Going over Arthur’s Pass East to West
Over lunch a friend casually remarked, “By the way, I couldn’t help noticing that the warrant on your car runs out next week”. It was my son’s car and he hadn’t noticed. Typical. Now he’d have to get round to fixing the headlight and the radiator leak and book it in for a test in the little time available while we were in Christchurch.
A couple of days later in Christchurch, Luca called me to say, “The WOF doesn’t actually run out till June. It’s fine.”
Now here’s what is interesting about the story: Not one of us thought to check the situation for ourselves. It was plausible, even probable to our minds and so we accepted it as Truth.

A likely candidate for scheduled maintenance, no?
It is so easy to get an idea into our heads. And an idea can become deeply embedded in our body-mind. Perhaps some figure you admire or respect once said something to you and without knowing it, you carry an idea in your body-mind for years. For example, did anyone ever tell you to ‘pull your shoulders back’, or ‘ tuck your tail under’, or ‘keep your knees together’?
Sometimes it is bizarre what we take on. As a young actor, F.M. Alexander was once told to ‘take hold of the floor with your feet’. Much later he discovered that this one piece of well-meaning advice had led him to develop an unconscious pattern of muscular tension, pulling his toes in, that was affecting his whole psycho-physical co-ordination.
And sometime we have no idea just which words our subconscious decides to take on board. I once set my computer password to ‘forget it’. And promptly did so. In the end I had to get a tech friend to reset the whole system.

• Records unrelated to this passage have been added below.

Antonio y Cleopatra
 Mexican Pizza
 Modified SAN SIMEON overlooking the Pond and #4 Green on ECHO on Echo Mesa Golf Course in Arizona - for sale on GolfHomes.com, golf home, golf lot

Only when you start peeling away the layers of your body-mind do you start to notice the many things you have taken for granted. Then you can ask yourself the question, ‘Is it true?’ and ‘Is it still useful to me?’. Many ideas/patterns may no longer be useful to us where we are at right now, though they may have been so in the past. We carry so many loads, perhaps it is time to discard some extra weight.